# Sportscaster George Michael dies at 70



## truebluefan (Oct 22, 2007)

George Michael, a mainstay on the Washington, D.C., sports television scene for decades who reached a national audience with “The George Michael Sports Machine” highlights show, has died. He was 70 years old.

RIP. 








​


----------



## dudeabides (Sep 30, 2008)

That's a bummer, used to watch his show.


----------



## truebluefan (Oct 22, 2007)

dudeabides said:


> That's a bummer, used to watch his show.

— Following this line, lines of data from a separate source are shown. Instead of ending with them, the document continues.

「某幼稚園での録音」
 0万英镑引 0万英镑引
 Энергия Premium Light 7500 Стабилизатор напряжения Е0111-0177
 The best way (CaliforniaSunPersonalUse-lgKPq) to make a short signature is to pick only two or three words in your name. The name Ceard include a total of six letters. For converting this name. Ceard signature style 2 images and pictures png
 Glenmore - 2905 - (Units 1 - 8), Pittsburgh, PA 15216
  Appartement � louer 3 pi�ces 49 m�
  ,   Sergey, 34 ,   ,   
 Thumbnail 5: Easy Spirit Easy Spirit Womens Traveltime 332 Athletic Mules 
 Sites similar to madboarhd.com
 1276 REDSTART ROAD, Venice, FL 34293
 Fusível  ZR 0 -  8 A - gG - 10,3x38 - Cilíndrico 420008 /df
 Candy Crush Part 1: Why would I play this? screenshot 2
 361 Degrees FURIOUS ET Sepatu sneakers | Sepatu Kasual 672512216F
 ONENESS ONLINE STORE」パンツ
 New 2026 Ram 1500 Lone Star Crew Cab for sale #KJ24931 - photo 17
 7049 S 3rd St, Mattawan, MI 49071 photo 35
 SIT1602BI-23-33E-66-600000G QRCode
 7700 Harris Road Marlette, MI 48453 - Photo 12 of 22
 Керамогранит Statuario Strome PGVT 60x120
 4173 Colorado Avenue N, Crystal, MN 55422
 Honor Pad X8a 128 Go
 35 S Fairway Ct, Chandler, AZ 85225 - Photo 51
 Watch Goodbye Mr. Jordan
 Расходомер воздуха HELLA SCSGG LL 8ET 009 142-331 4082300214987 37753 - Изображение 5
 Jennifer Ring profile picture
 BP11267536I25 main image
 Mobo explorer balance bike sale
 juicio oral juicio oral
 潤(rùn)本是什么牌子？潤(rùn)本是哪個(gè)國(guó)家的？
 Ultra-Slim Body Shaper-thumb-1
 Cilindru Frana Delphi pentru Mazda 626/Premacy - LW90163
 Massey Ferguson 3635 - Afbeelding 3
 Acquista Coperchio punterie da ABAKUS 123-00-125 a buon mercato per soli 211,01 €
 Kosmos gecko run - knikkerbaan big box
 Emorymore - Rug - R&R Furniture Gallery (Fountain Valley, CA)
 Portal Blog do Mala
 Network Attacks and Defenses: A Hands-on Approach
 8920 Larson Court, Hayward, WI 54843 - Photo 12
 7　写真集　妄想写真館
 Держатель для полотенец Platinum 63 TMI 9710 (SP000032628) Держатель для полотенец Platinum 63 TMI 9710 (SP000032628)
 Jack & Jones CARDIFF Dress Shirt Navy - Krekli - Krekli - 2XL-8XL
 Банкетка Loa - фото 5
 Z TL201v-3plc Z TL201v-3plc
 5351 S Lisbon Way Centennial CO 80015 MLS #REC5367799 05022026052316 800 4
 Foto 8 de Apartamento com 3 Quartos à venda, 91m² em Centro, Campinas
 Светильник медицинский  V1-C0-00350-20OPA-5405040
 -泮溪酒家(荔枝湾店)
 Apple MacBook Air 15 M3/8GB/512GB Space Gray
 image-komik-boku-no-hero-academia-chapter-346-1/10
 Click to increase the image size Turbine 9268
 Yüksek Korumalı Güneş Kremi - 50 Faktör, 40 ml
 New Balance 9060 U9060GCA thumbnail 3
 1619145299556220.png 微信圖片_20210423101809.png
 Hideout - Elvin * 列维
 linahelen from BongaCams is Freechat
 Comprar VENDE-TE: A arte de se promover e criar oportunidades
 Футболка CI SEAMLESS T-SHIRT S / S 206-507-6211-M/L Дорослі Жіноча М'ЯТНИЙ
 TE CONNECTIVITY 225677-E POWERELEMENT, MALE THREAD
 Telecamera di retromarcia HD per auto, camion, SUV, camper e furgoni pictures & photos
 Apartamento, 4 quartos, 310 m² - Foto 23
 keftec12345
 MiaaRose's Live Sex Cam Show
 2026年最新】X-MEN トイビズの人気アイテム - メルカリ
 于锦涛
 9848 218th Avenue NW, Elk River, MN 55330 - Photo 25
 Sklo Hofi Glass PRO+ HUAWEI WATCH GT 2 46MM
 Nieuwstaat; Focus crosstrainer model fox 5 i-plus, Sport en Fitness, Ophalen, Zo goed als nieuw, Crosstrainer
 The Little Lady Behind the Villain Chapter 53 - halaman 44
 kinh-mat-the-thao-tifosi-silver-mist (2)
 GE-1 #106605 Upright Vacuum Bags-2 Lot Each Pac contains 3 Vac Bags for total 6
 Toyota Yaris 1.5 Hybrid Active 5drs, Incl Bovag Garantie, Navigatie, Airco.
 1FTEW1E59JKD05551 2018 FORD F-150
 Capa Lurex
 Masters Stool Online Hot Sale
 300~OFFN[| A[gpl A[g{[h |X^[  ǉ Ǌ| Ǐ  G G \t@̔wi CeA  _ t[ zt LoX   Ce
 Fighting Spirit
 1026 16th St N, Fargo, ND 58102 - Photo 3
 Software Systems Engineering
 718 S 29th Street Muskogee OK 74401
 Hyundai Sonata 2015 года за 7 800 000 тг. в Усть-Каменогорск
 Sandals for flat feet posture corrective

I did too. It is a bummer.


----------



## Intermission (Oct 1, 2009)

Never heard the name but its never good news to hear someone pass away. RIP


----------



## JimmyJames (Dec 29, 2009)

He will be missed.

I loved watching the Sports Machine when I was younger. Sunday nights at 11pm if my memory serves me well.


----------



## CornbreadBB (Jul 31, 2008)

I just hope this George Michael had FAITH, it's much easier to go that way. Maybe he was TOO FUNKY for his own good, but I guess now he can HEAL THE PAIN. It's sad that all that PRAYING FOR TIME didn't really work out, but now he's up in heaven with all the COWBOYS AND ANGELS. It must have been a HARD DAY for his family to go through this, but hopefull yhey can HEAL THE PAIN.

Okay, I'm done....oh wait I WANT YOUR SEX....now I'm done.


----------